Recall that the partial sums {S_N=\sum_{n=1}^NX_n} of a Rademacher sequence is a simple random walk. Generalizing a bit, we can consider scaling by a sequence of real weights {a_1,a_2,\ldots}, so that {S_N=\sum_{n=1}^Na_nX_n}. I will concentrate on infinite sums, as N goes to infinity, which will clearly include the finite Rademacher sums as the subset with only finitely many nonzero weights.

Rademacher series serve as simple prototypes of more general IID series, but also have applications in various areas. Results include concentration and anti-concentration inequalities, and the Khintchine inequality, which imply various properties of {L^p} spaces and of linear maps between them. For example, in my notes constructing the stochastic integral starting from a minimal set of assumptions, the {L^0} version of the Khintchine inequality was required. Rademacher series are also interesting in their own right, and a source of some very simple statements which are nevertheless quite difficult to prove, some of which are still open problems. See, for example, Some explorations on two conjectures about Rademacher sequences by Hu, Lan and Sun. As I would like to look at some of these problems in the blog, I include this post to outline the basic constructions. One intriguing aspect of Rademacher series, is the way that they mix discrete distributions with combinatorial aspects, and continuous distributions. On the one hand, by the central limit theorem, Rademacher series can often be approximated well by a Gaussian distribution but, on the other hand, they depend on the discrete set of signs of the individual variables in the sum. Continue reading “Rademacher Series”

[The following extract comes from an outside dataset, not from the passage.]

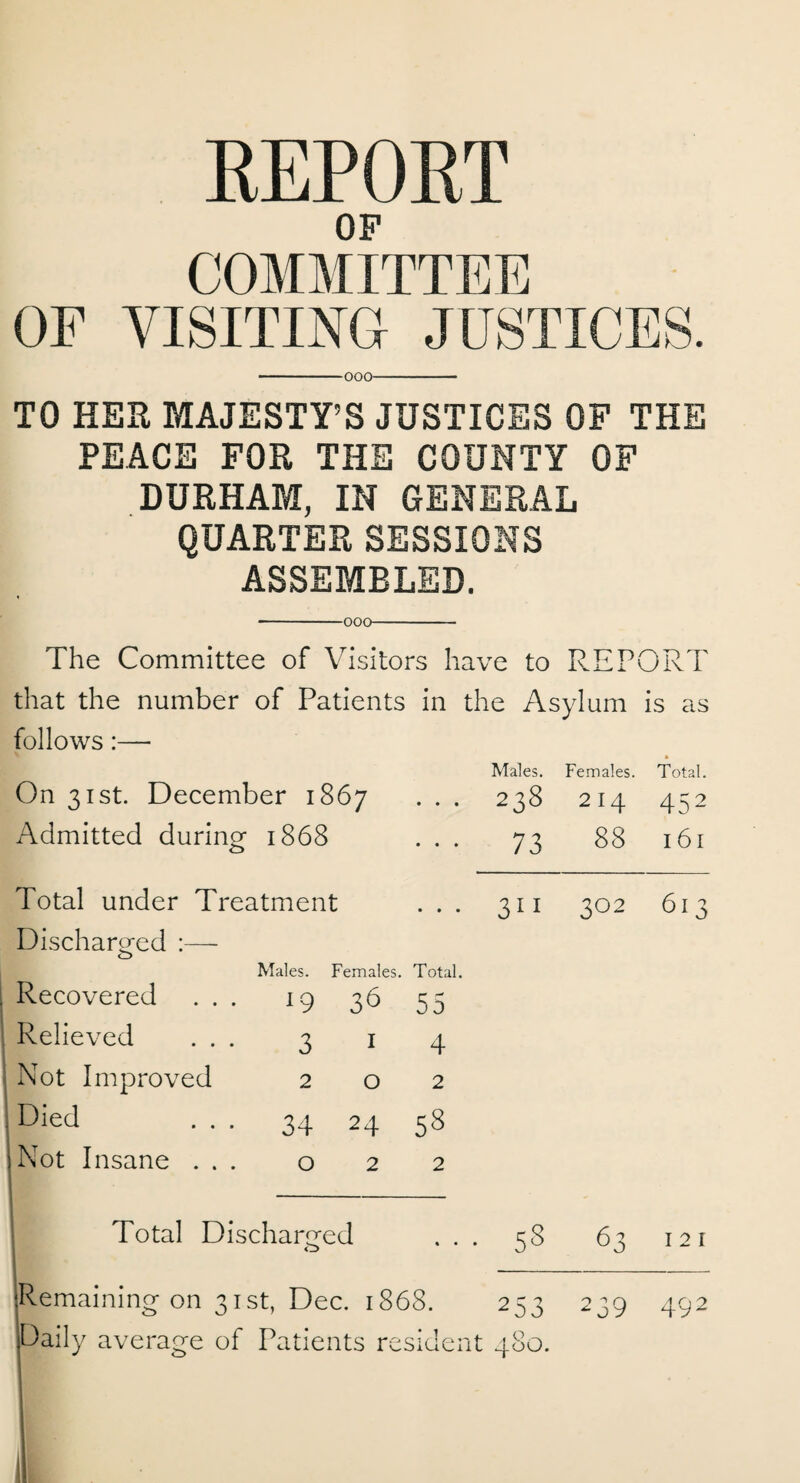 REPORT OF -000- TO HER MAJESTY’S JUSTICES OF THE PEACE FOR THE COUNTY OF DURHAM, IN GENERAL QUARTER SESSIONS ASSEMBLED. -ooo- The Committee of Visitors have to REPORT that the number of Patients in the Asylum is as follows:—• Males. Females. Total. On 31st. December 1867 • • • 238 2 14 452 Admitted during- 1868 • • • 73 88 161 Total under Treatment • • • 3” 3°2 613 Discharged :— Males. Females. Total. Recovered ... 19 36 55 Relieved ... 3 1 4 Not Improved 2 0 2 Died ... 34 24 58 Not Insane ... 0 2 2 Total Discharged 0 « • • 58 63 12 1 Remaining on 31st, Dec. 1868. 253 239 492 Daily average of Patients resident 480. l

Pathwise Burkholder-Davis-Gundy Inequalities

As covered earlier in my notes, the Burkholder-David-Gundy inequality relates the moments of the maximum of a local martingale M with its quadratic variation,

\displaystyle  c_p^{-1}{\mathbb E}[[M]^{p/2}_\tau]\le{\mathbb E}[\bar M_\tau^p]\le C_p{\mathbb E}[[M]^{p/2}_\tau]. (1)

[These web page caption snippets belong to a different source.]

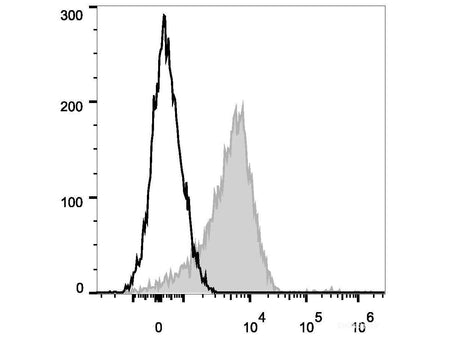 PE/Cyanine7 Anti-Human CD29 Antibody[TS2/16.2.1], Biomarkers, Elabscience Biotechnology, MSE Supplies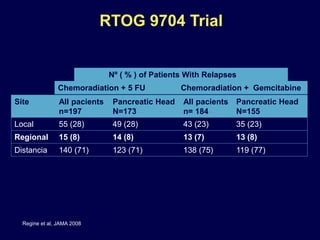 Site All pacients
n=197
Pancreatic Head
N=173
All pacients
n= 184
Pancreatic Head
N=155
Local 55 (28) 49 (28) 43 (23) 35 (23)
Regional 15 (8) 14 (8) 13 (7) 13 (8)
Distancia 140 (71) 123 (71) 138 (75) 119 (77)
Chemoradiation + 5 FU Chemoradiation + Gemcitabine
Nº ( % ) of Patients With Relapses
RTOG 9704 Trial
Regine et al, JAMA 2008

Here, {\bar M_t\equiv\sup_{s\le t}\lvert M_s\rvert} is the running maximum, {[M]} is the quadratic variation, {\tau} is a stopping time, and the exponent {p} is a real number greater than or equal to 1. Then, {c_p} and {C_p} are positive constants depending on p, but independent of the choice of local martingale and stopping time. Furthermore, for continuous local martingales, which are the focus of this post, the inequality holds for all {p > 0}.

Since the quadratic variation used in my notes, by definition, starts at zero, the BDG inequality also required the local martingale to start at zero. This is not an important restriction, but it can be removed by requiring the quadratic variation to start at {[M]_0=M_0^2}. Henceforth, I will assume that this is the case, which means that if we are working with the definition in my notes then we should add {M_0^2} everywhere to the quadratic variation {[M]}.

In keeping with the theme of the previous post on Doob’s inequalities, such martingale inequalities should have pathwise versions of the form

\displaystyle  c_p^{-1}[M]^{p/2}+\int\alpha dM\le\bar M^p\le C_p[M]^{p/2}+\int\beta dM (2)

for predictable processes {\alpha,\beta}. Inequalities in this form are considerably stronger than (1), since they apply on all sample paths, not just on average. Also, we do not require M to be a local martingale — it is sufficient to be a (continuous) semimartingale. However, in the case where M is a local martingale, the pathwise version (2) does imply the BDG inequality (1), using the fact that stochastic integration preserves the local martingale property.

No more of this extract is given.